GIVEN INFORMATION
=======

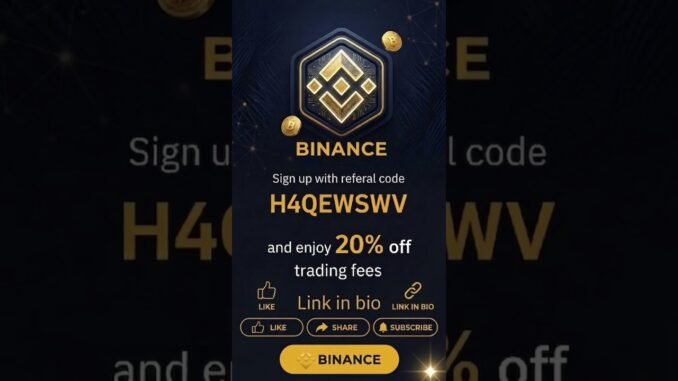 Binance Referral Code 2026 💰 Save 20% trading fees Instantly (H4QEWSWV) #binance #crypto #shorts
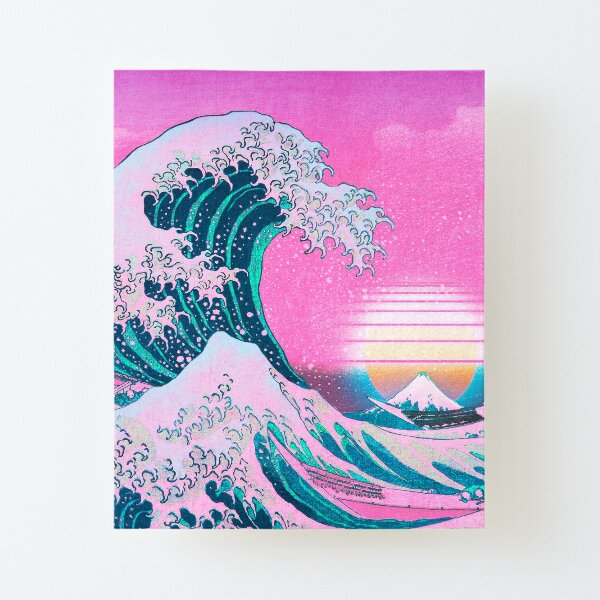 Vaporwave Aesthetic Great Wave Off Kanagawa Retro Sunset Canvas Mounted Print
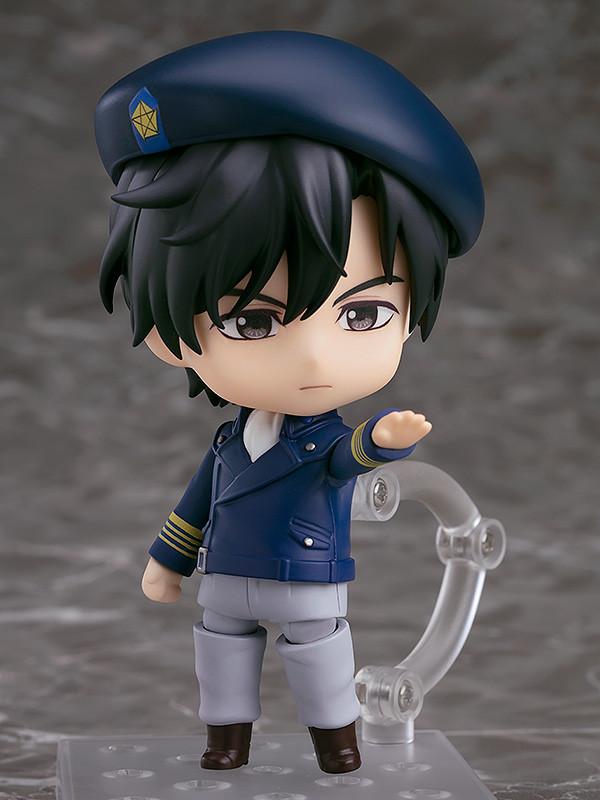 Yang Wen-li Nendoroid in a serious tactical pose pointing forward, capturing his role as a magician tactician.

=======

WORK REQUIRED
Only the lines from the one containing "Vaporwave Aesthetic Great" through the last line of the data may appear in the answer, each given again exactly and with pictures left out.

TASK OUTPUT
 Vaporwave Aesthetic Great Wave Off Kanagawa Retro Sunset Canvas Mounted Print
 Yang Wen-li Nendoroid in a serious tactical pose pointing forward, capturing his role as a magician tactician.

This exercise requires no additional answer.